Correct or not, there’s now a perception that no one of significant consequence wants to work for the Dolphins.  And the harder Ross tries to turn the page by making a “big splash,” the more likely it is that he’ll continue to swing the bat and hit himself in the face with it.

7.  Loser:  Saints.

With Bountygate lingering, the Saints had even more reason to work out a new, long-term deal with Drew Brees.  And yet the Saints continue to fail to find a middle ground with their franchise quarterback.

There’s a chance Brees simply wants too much.  But here’s the problem:  He deserves it.  The best NFL quarterback of the last six years, if he wants to max out his contract, then he should.

And as to the idea that he needs to leave some money behind so that the Saints can field a competitive team given the salary cap, here’s one important point:  It never stopped the Colts from being competitive when Peyton got every last dollar he could.

And while it’s good that the Saints kept receiver Marques Colston, they lost Robert Meachem.  And while it’s good that they lured Ben Grubbs away from Baltimore, the lost Carl Nicks.

More importantly, they’ve yet to do anything to address needs on defense, which could become even more significant once the suspensions come down.

8.  Loser:  Vikings.

Good teams can afford to sit on the sidelines in the early days of free agency.  The Vikings are not a good team.

With plenty of cap room and a tenuous stadium situation and a fan base that may choose to do things other than attend or watch Vikings games this season, the franchise needed to make a splash.  Not a Mario Williams cannonball; but something more significant than a John Carlson dog paddle.

It’s doesn’t mean the Vikings should go hog wild.  But they should have made it a priority to land one big-name player, even if it meant overpaying a little.

The offseason is about selling hope.  Teams like the Packers, Patriots, Giants, and Steelers can afford to do nothing in March; the hope is implied.  For teams that have fallen, March is an opportunity to prove that they’re at least trying to get up.

9.  Loser:  Ravens.

The Ravens had four players in the PFT Hot 100 free-agency list.  Three already have bolted for greener pastures:  defensive end Cory Redding, linebacker Jarret Johnson, and guard Ben Grubbs.

To make matters worse, guard Evan Mathis opted to stay with the Dream Team in lieu of joining a team that, on paper, seems to have a better chance of making its dreams come true.

Then there’s the lingering possibility that someone will make restricted free agent cornerback Lardarius Webb an offer the Ravens can’t afford to match.

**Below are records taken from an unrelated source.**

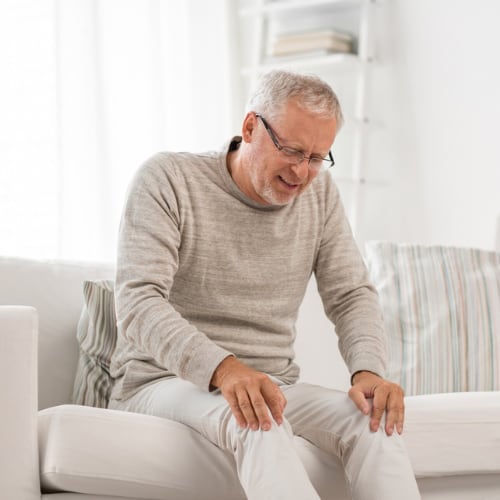 senior man with joint pain in knees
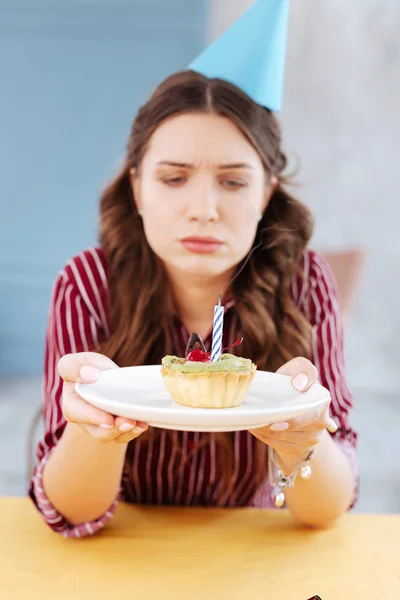 Женщина с белой тарелкой и маленьким праздничным тортом — стоковое фото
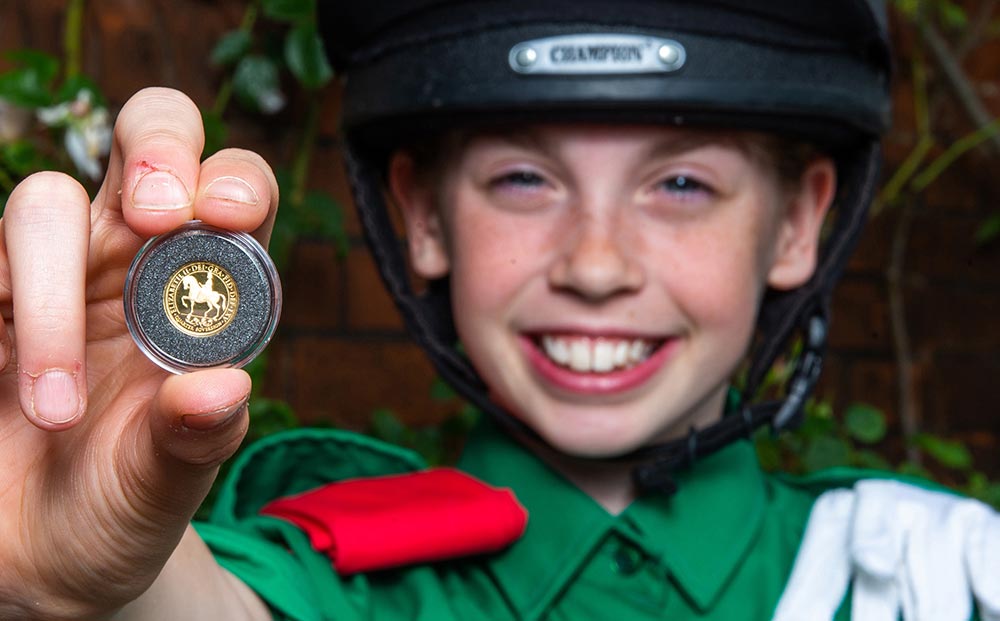 Abi Evans holds a gold quarter sovereign which features a portrait of Queen Elizabeth II on horseback during the launch of the coin with the Horse Rangers Association, at the Royal Mews in Hampton Court, Surrey. Photo credit: Steven Paston/Press Association. Abi Evans holds a gold quarter sovereign which features a portrait of Queen Elizabeth II on horseback during the launch of the coin with the Horse Rangers Association, at the Royal Mews in Hampton Court, Surrey. Photo credit: Steven Paston/Press Association.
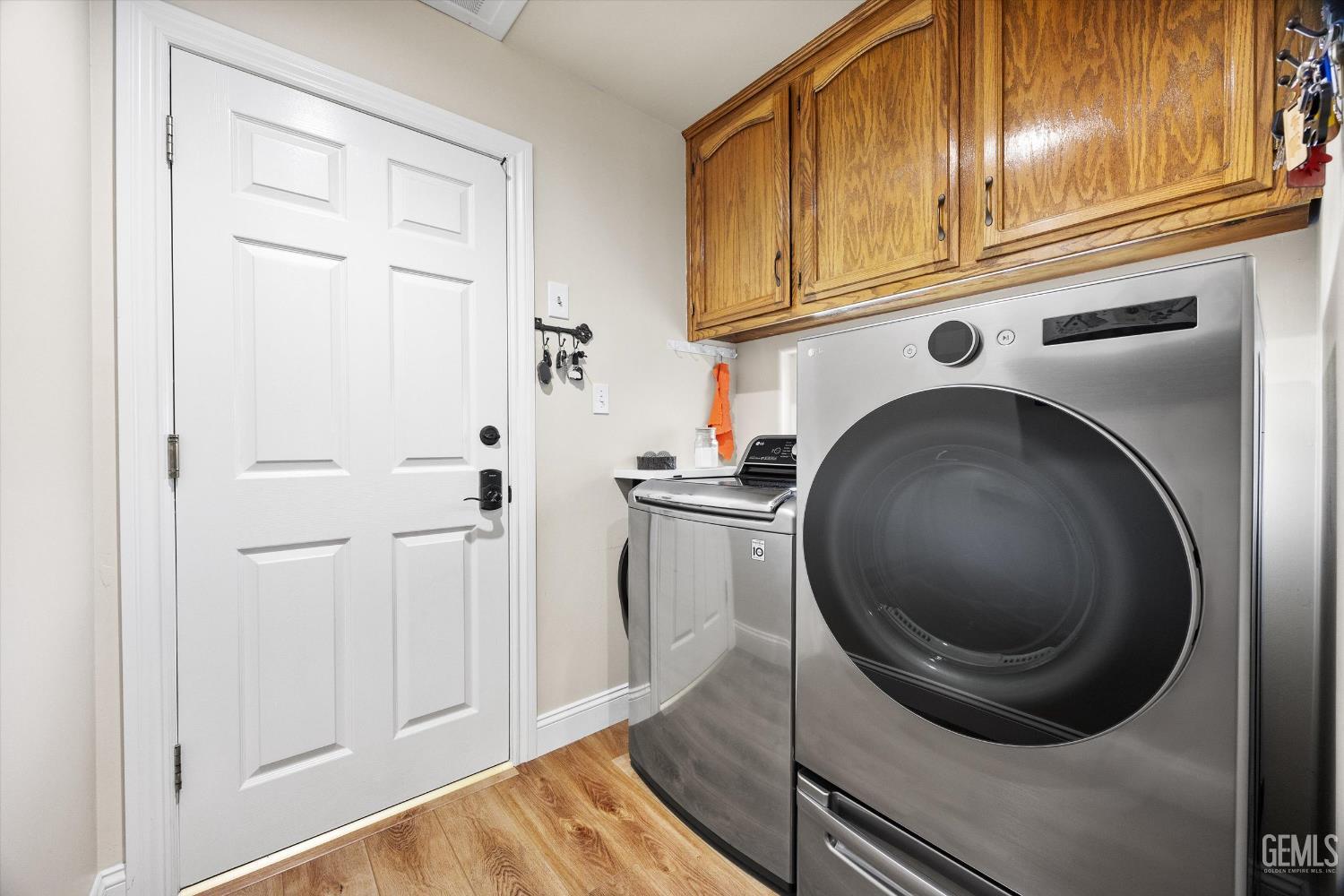 Undisclosed Address Bakersfield, CA 93314 - Photo 41 of 58 a utility room with dryer and washer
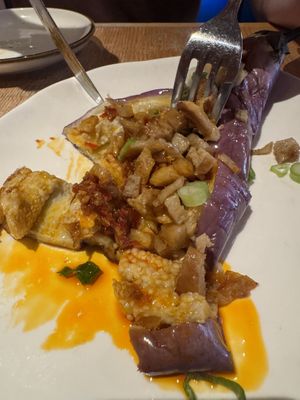 Cutting into the eggplant with duck  at Spicy Moon - Chelsea in New York City
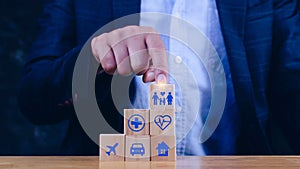 Businessman hand choose wooden blocks with icons of various types of insurance, protection icons for safety family insurance. Life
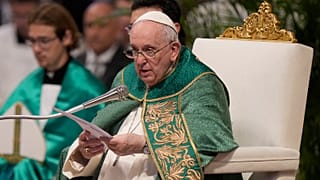 Pope Francis speaks to cardinals in St. Peter's Basilica at The Vatican during a mass he celebrated for the newly-created cardinals, 30 August 2022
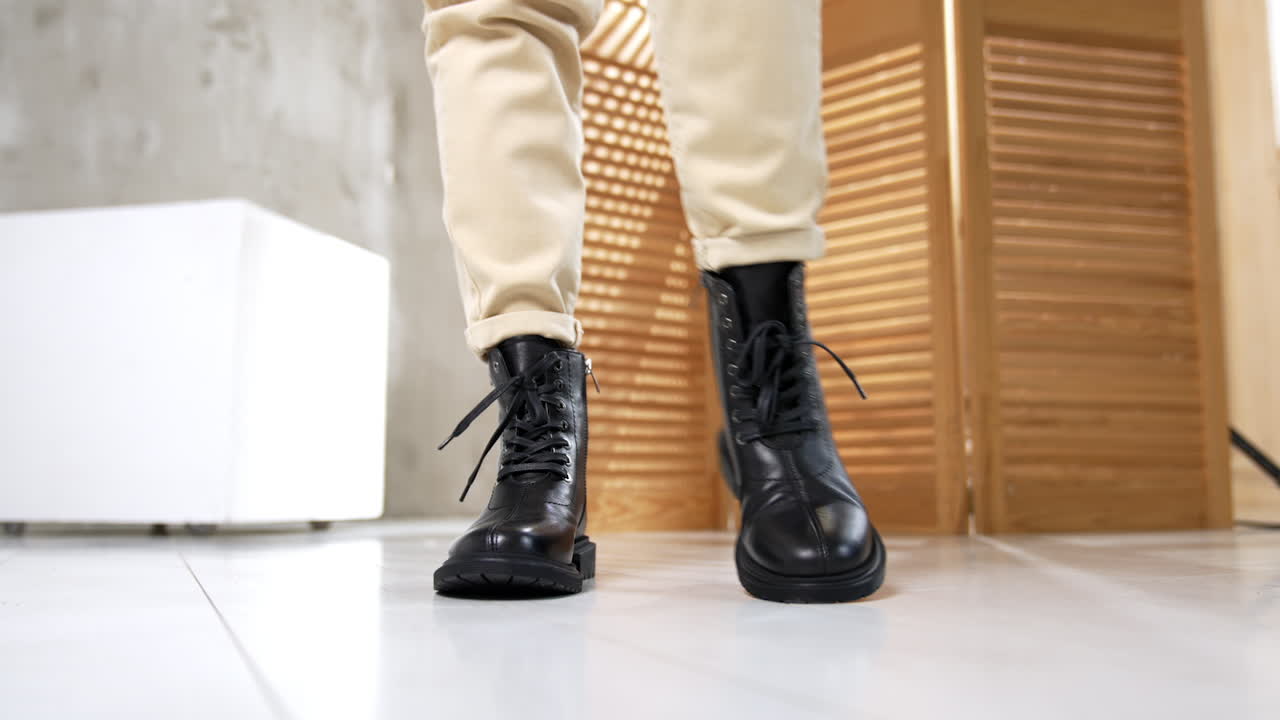 Woman wearing black lace-up boots and beige pants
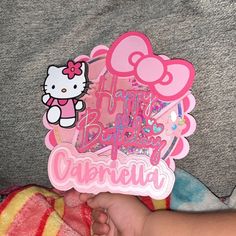 a hello kitty birthday card is held by a baby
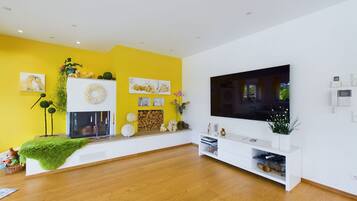 A modern living room with a large flat-screen TV, wooden flooring, a fireplace, and a bright yellow accent wall.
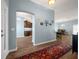 Open entryway with views of the kitchen and dining area at 4442 Shannon Loop, The Villages, FL 32163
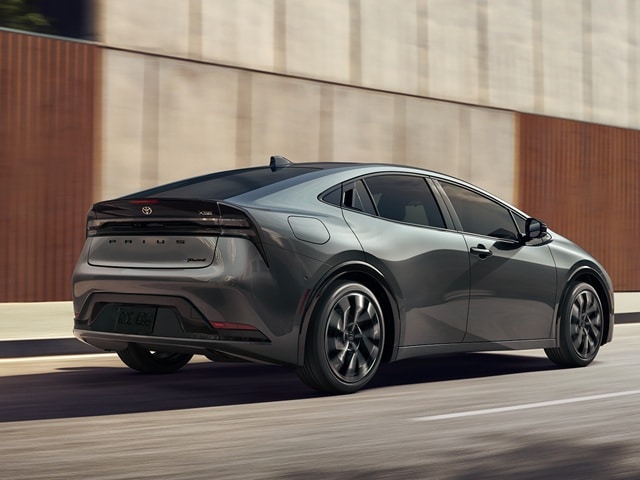 Grey Prius PHEV XSE driving in a city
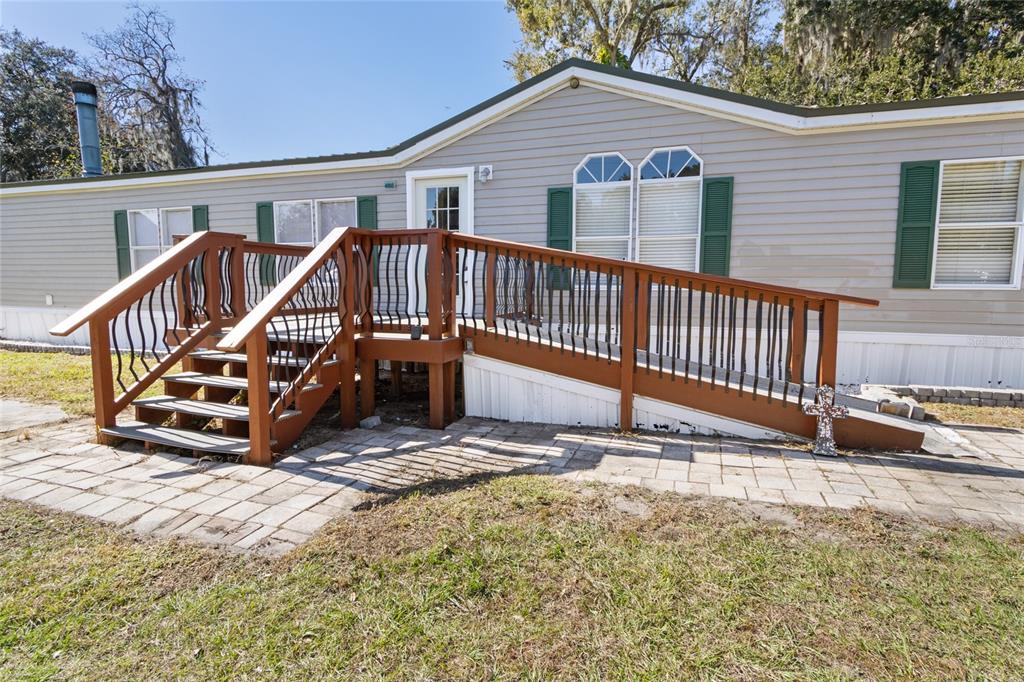 4912 Miley Road Plant City, FL 33565 - Photo 3 of 48 a view of a house with wooden deck front of house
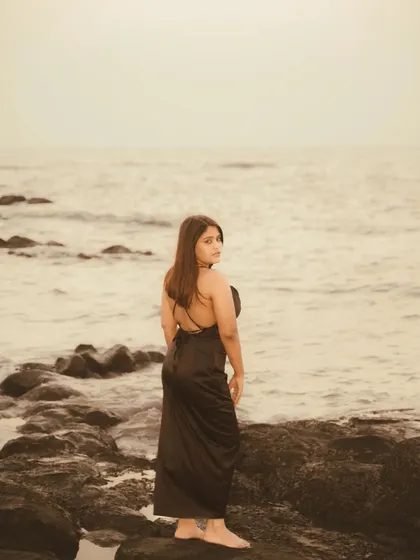 A moody, sepia-toned portrait on a rocky beach. The overcast light and the vastness of the sea create a pensive and atmospheric shot, focusing on emotion and environment.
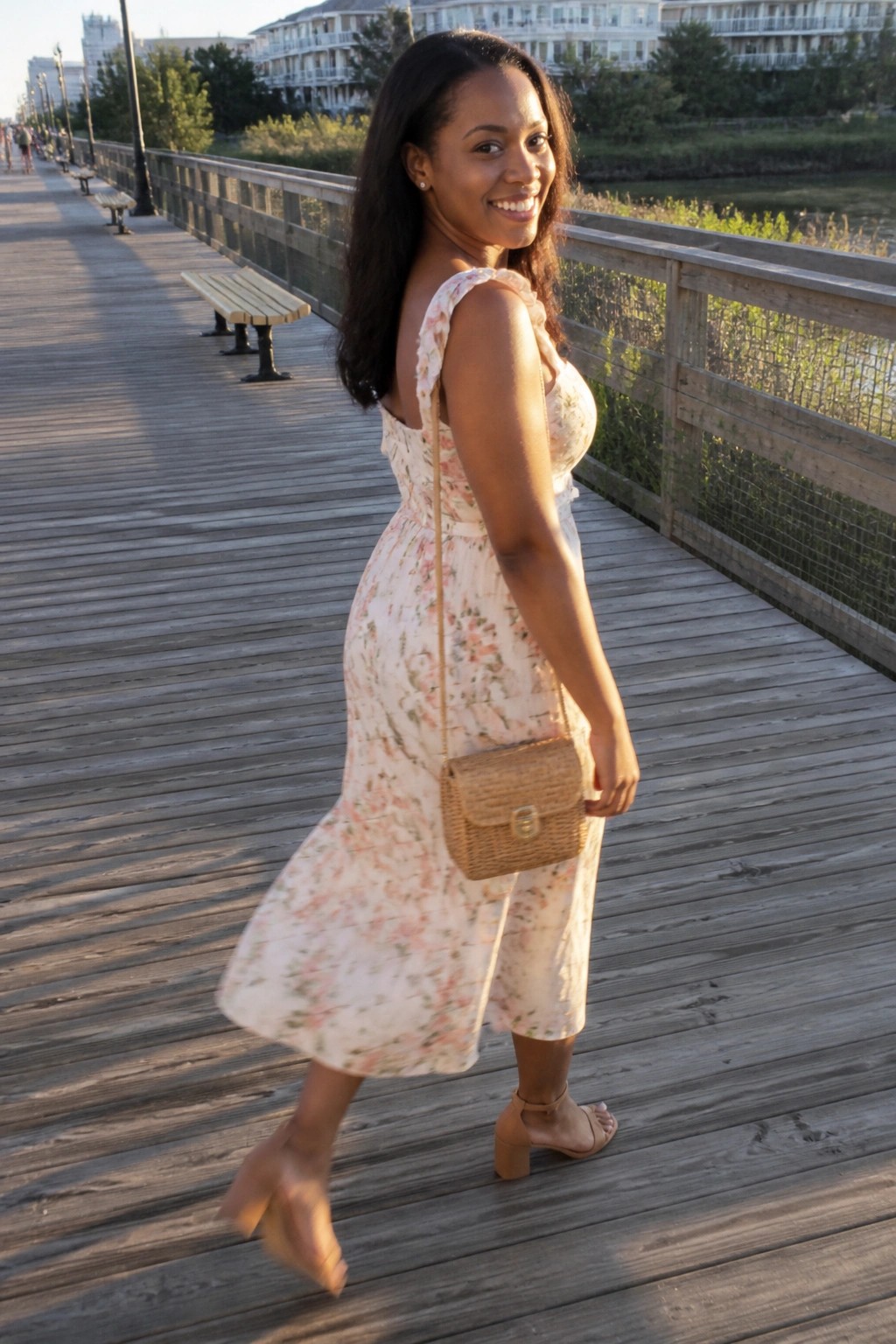 Woman in floral dress with woven purse smiling on wooden boardwalk at sunset
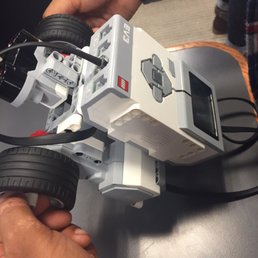 Assembling as robot car as a team. Assembling as robot car as a team.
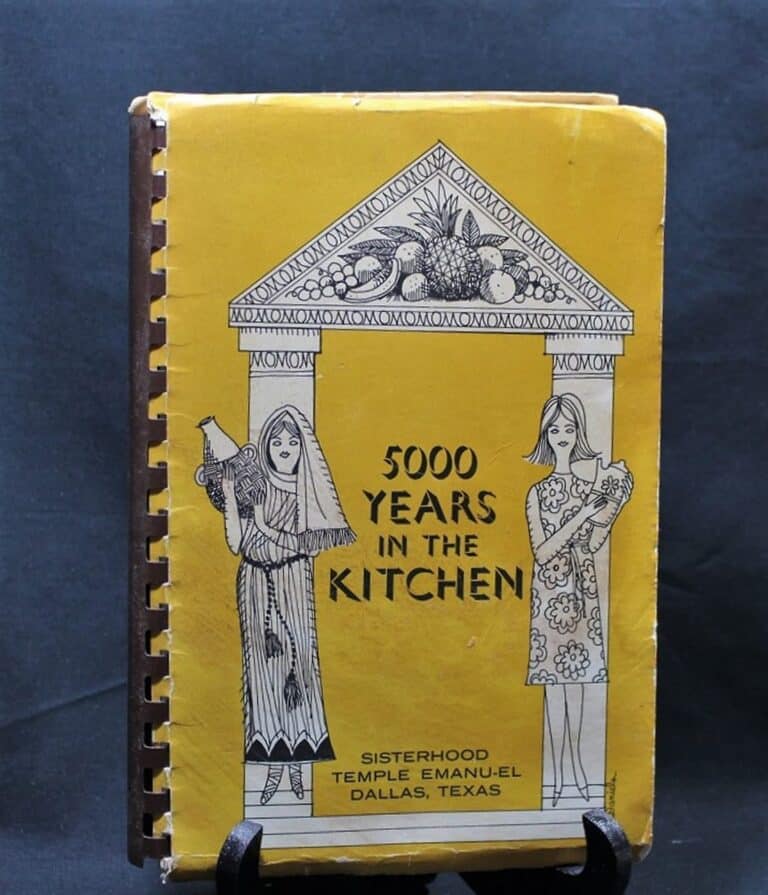 Yellow cookbook titled “5000 Years in the Kitchen,” with two women and a temple illustration on the cover.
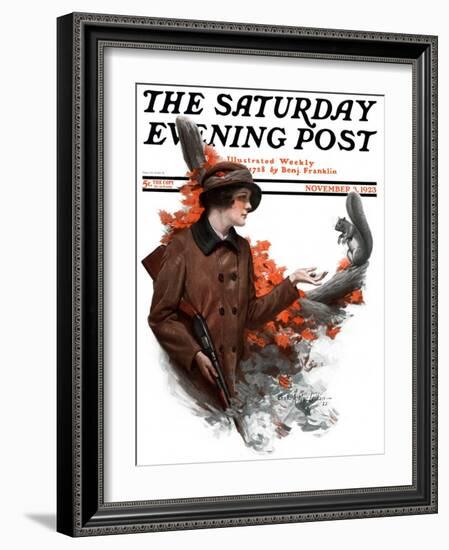 "Woman Hunter Feeding Squirrel," Saturday Evening Post Cover, November 3, 1923-Charles A. MacLellan-Framed Giclee Print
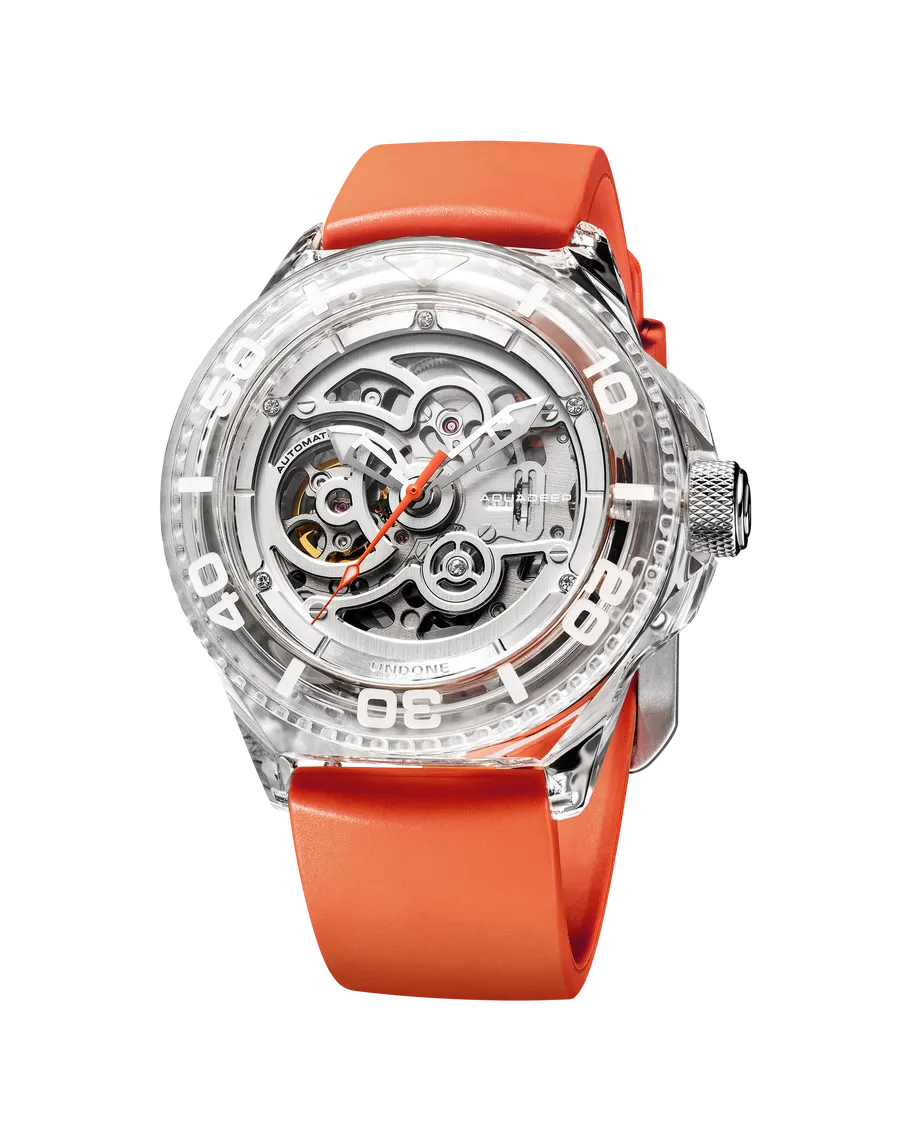 Undone Aquadeep K9 Crystal Silver with transparent crystal case and skeleton dial on an orange strap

Though there’s a long way to go before September, it’s hard not to think that, at least for now, the Ravens have faded a bit closer to the pack in the AFC.

10.  Loser:  Bengals.

By capping 2011 with an unlikely playoff berth, it can’t be said that Paul Brown Stadium routinely was less than full due to the fact that the team was bad.  Instead, the fan base is fed up with owner Mike Brown.

Even though the team is laying a solid foundation of youthful players, Bengals fans think it’s not because of Brown but in spite of him.  And with a huge cap surplus for 2012, the Bengals haven’t done much to persuade anyone that they’re willing to spend.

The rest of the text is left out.